◆ **EXERCISE OBJECTIVE**
Where an image appears, leave it out; otherwise repeat the data exactly.

.....

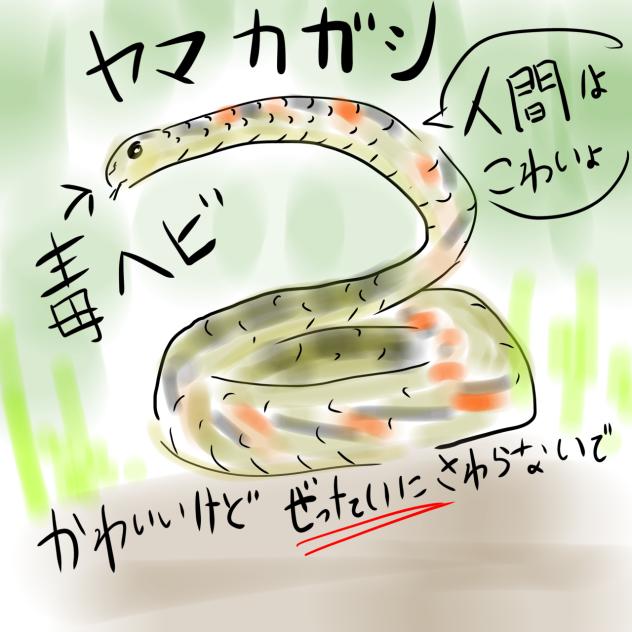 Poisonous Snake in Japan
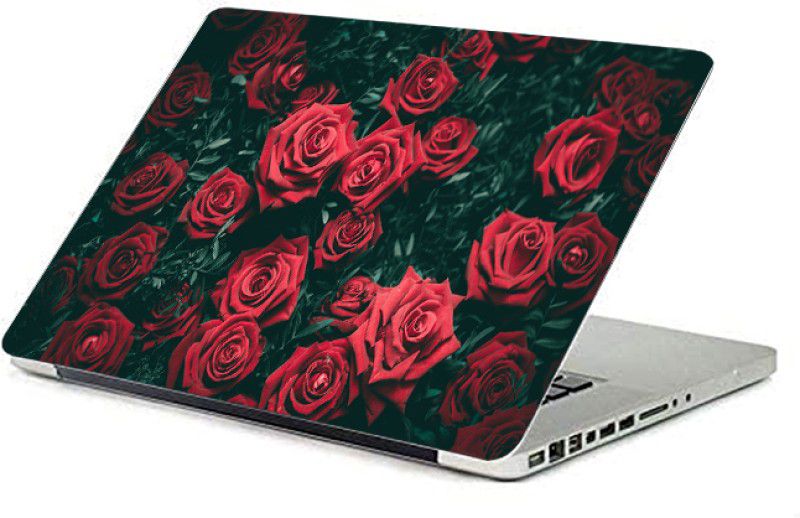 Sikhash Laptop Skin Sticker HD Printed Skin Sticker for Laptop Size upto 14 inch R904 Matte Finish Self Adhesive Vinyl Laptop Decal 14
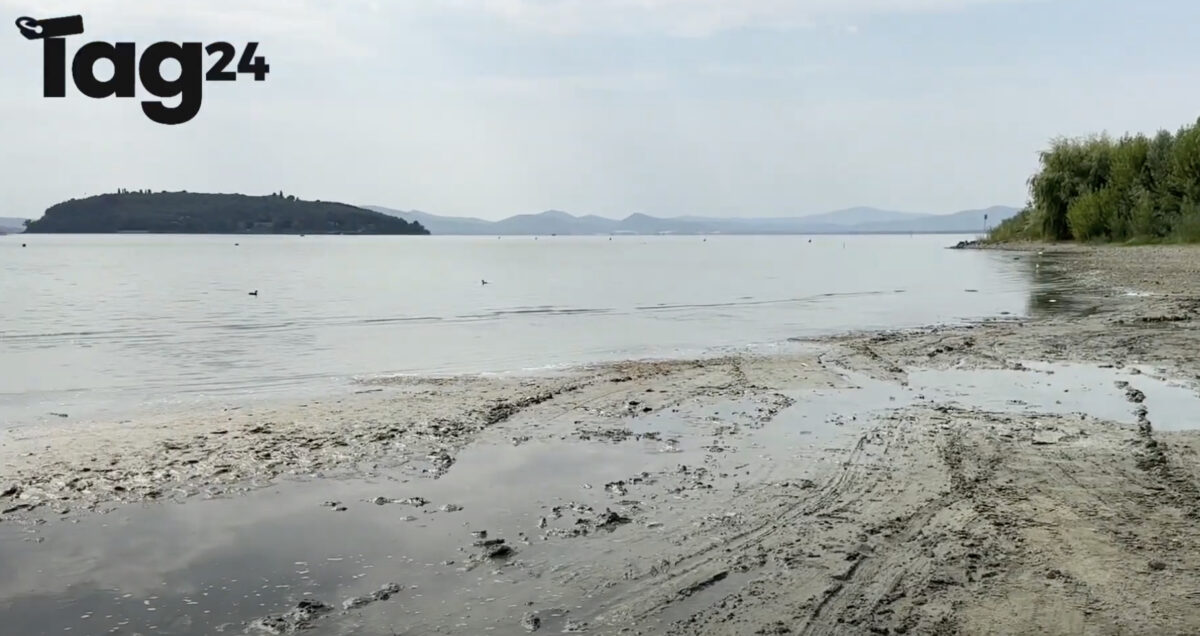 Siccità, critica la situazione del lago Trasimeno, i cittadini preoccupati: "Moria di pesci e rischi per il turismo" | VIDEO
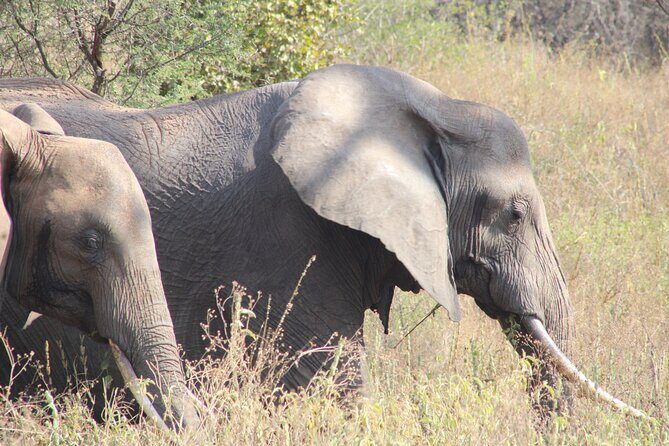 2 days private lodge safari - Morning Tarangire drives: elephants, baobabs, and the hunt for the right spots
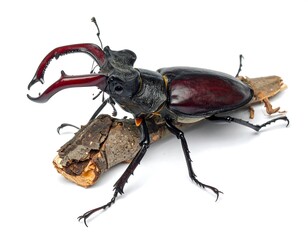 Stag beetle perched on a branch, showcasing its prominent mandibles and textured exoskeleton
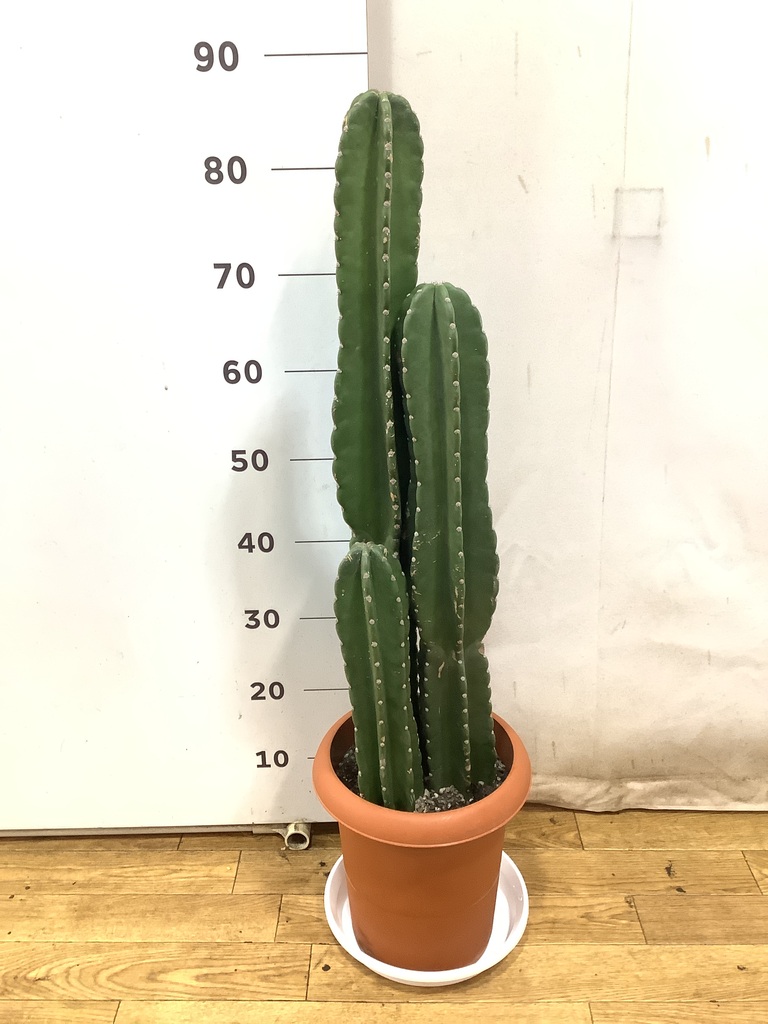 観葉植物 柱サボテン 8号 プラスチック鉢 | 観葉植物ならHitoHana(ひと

.....

◆ **THE COMPLETED TASK**
 Poisonous Snake in Japan
 Sikhash Laptop Skin Sticker HD Printed Skin Sticker for Laptop Size upto 14 inch R904 Matte Finish Self Adhesive Vinyl Laptop Decal 14
 Siccità, critica la situazione del lago Trasimeno, i cittadini preoccupati: "Moria di pesci e rischi per il turismo" | VIDEO
 2 days private lodge safari - Morning Tarangire drives: elephants, baobabs, and the hunt for the right spots
 Stag beetle perched on a branch, showcasing its prominent mandibles and textured exoskeleton
 観葉植物 柱サボテン 8号 プラスチック鉢 | 観葉植物ならHitoHana(ひと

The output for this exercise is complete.